JVM version: java version "1.8.0_05"
ES version :5.5.1
Plugins installed: [repository-gcs, repository-s3, x-pack, repository-azure]
I have a cluster of 106 nodes.
One of the shards suddenly went to red state.
Master Logs:
[2017-08-24T15:52:38,975][WARN ][o.e.c.a.s.ShardStateAction] [10.34.230.205] [discovery_details_45][2] received shard failed for shard id [[discovery_details_45][2]], allocation id [IbOY64SOQZ2128g6SIz6PQ], primary term [0], message [shard failure, reason [merge failed]], failure [NotSerializableExceptionWrapper[merge_exception: java.io.IOException: No space left on device]; nested: IOException[No space left on device]; ]

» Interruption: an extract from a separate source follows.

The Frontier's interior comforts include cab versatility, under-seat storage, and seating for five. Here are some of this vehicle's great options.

org.elasticsearch.common.io.stream.NotSerializableExceptionWrapper: merge_exception: java.io.IOException: No space left on device
at org.elasticsearch.index.engine.InternalEngine$EngineMergeScheduler$2.doRun(InternalEngine.java:1548) ~[elasticsearch-5.5.1.jar:5.5.1]

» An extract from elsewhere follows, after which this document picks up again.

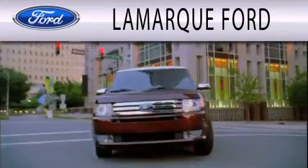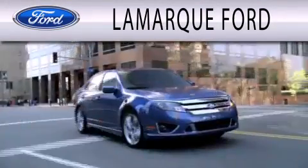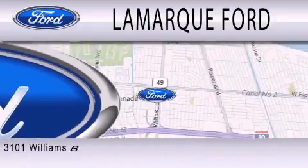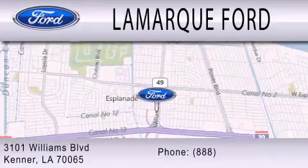Lamarck Ford is dedicated to doing everything possible to ensure that the experience you have selecting your next vehicle is as pleasant as possible. We're located at 3101 Williams Boulevard in Kenner.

at org.elasticsearch.common.util.concurrent.ThreadContext$ContextPreservingAbstractRunnable.doRun(ThreadContext.java:638) ~[elasticsearch-5.5.1.jar:5.5.1]
at org.elasticsearch.common.util.concurrent.AbstractRunnable.run(AbstractRunnable.java:37) ~[elasticsearch-5.5.1.jar:5.5.1]
at java.util.concurrent.ThreadPoolExecutor.runWorker(ThreadPoolExecutor.java:1142) ~[?:1.8.0_05]
at java.util.concurrent.ThreadPoolExecutor$Worker.run(ThreadPoolExecutor.java:617) ~[?:1.8.0_05]
at java.lang.Thread.run(Thread.java:745) [?:1.8.0_05]
Caused by: java.io.IOException: No space left on device
at sun.nio.ch.FileDispatcherImpl.write0(Native Method) ~[?:?]
at sun.nio.ch.FileDispatcherImpl.write(FileDispatcherImpl.java:60) ~[?:?]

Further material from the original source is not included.